Emprendimos el regreso con cierta esquivez el uno del otro, y sólo hablamos de cosas insignificantes. La tristeza que el incidente descrito me produjo, se desvaneció por la noche viendo a mi Donata como siempre amorosa, quizás más que de ordinario, cual si quisiera desagraviarme. Por último, se franqueó del modo más lisonjero para mí, diciéndome: «Confusio mío, dejo aparte mis gustos en lo tocante a tu carrera. Seas tú lo que fueres, y cantes misa o dejes de cantarla, yo a ti pertenezco para toda la vida, porque tú has querido tomarme, y yo darme a ti con entera voluntad.

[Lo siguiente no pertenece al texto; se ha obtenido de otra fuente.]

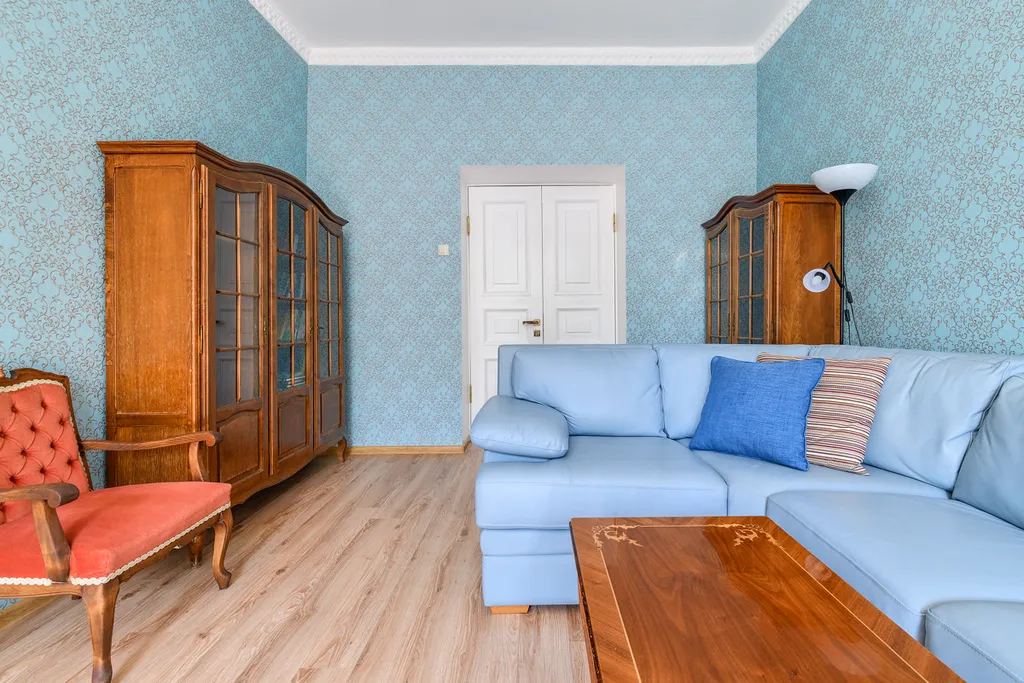 Роскошная квартира с балконом и парковкой рядом с Петропавловкой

Más te quiero cada día, y tan enamorada estoy de ti y tan cautivada de tus prendas, que si me faltara tu cariño, me faltaría también la vida». Con ardientes caricias pagué el regocijo intenso que me dio esta declaración, y ella la corroboró con nuevas ternezas, terminando nuestro nuevo pacto de amor en el alto aposento recogidito.

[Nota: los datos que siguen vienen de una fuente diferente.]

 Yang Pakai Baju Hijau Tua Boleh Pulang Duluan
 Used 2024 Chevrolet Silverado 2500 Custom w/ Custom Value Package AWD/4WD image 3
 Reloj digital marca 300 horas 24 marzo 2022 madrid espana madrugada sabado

Repitió Donata al siguiente día sus oraciones a la Virgen de la Cinta para que se apiadase de Ortega, trayéndole el indulto, ya que ablandar no podía la dureza del Consejo. Éste fue de los que llaman ordinarios, y de él formaba parte mi compañero de vivienda, el capitán Albuerne, quien me contó que el pobre reo había protestado airadamente de no ser juzgado por un Consejo de Generales, como por su calidad le correspondía. Habló Ortega cuanto quiso, y leyó un escrito largo ante el adusto Tribunal; mas no pudo obtener clemencia, y fue condenado a morir, tremendo fallo que espeluzna. Dicen que esto es necesario para que subsista en su inmaculada doncellez la Disciplina Militar, y en ello convendríamos todos si no supiéramos que ya está bien violada de innumerables seductores, aunque se guarda como un dogma el convencionalismo de que substancialmente convivan la violación y la virginidad.

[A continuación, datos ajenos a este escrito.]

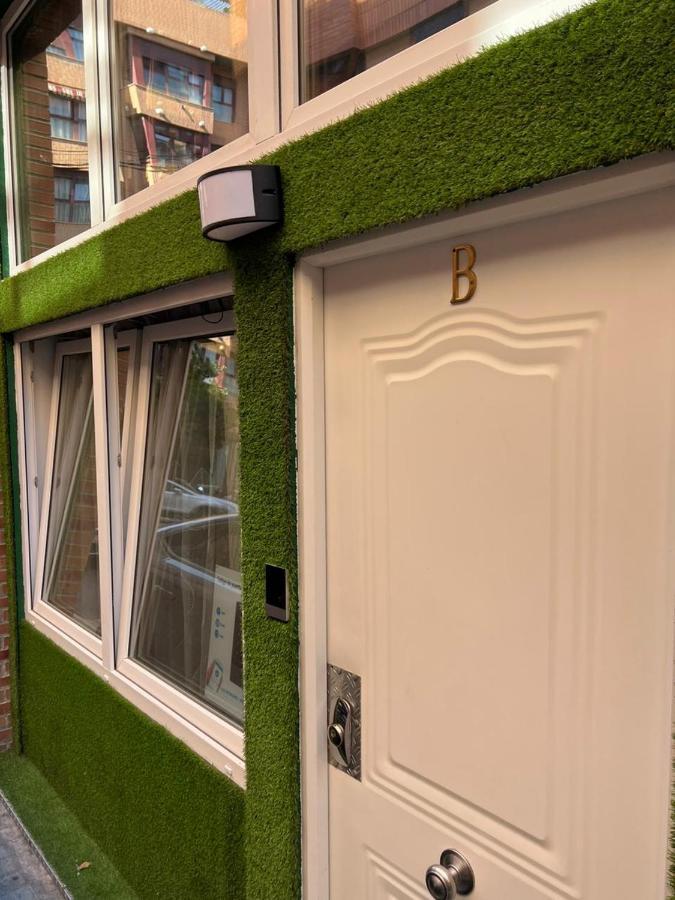 Nou Benicalap Luxury Apart Aparthotel Valencia Exteriör bild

Despojado de la dignidad militar, Ortega no dejó de ser elegante en el mayor aprieto de su vida y en los preparativos para su muerte, y encargó un traje negro de paisano, según su particular gusto, bien ajustado, con botas altas, y capa corta, que airosamente llevaba. Preso en el Castillo, era el galán peripuesto, que se desvivía por que su presencia y figura fueran admiradas de cuantos pudiesen verlas. Ante el Tribunal como ante el público, su tribulación se aliviaba revistiéndola de cierta elegancia melancólica. Su romanticismo no le abandonó un instante. Después de sentenciado, soñaba con la evasión, con el indulto, emanado del tierno corazón de Isabel; confiaba en las vehementes gestiones de la Montijo y de su hija la Emperatriz Eugenia. Hacia estas empingorotadas damas volvía mentalmente sus ojos, paseándose en la prisión con su capita terciada, en gallardas actitudes.

Una noche más... El castrense, vestido de hábitos, lo que fue para mí una transfiguración de su persona, me propuso llevarme a ver a Ortega en la capilla. No quise acompañarle. Las barbaries de la ley me llenan de frío el corazón, incapacitándolo para execrar las de los malhechores.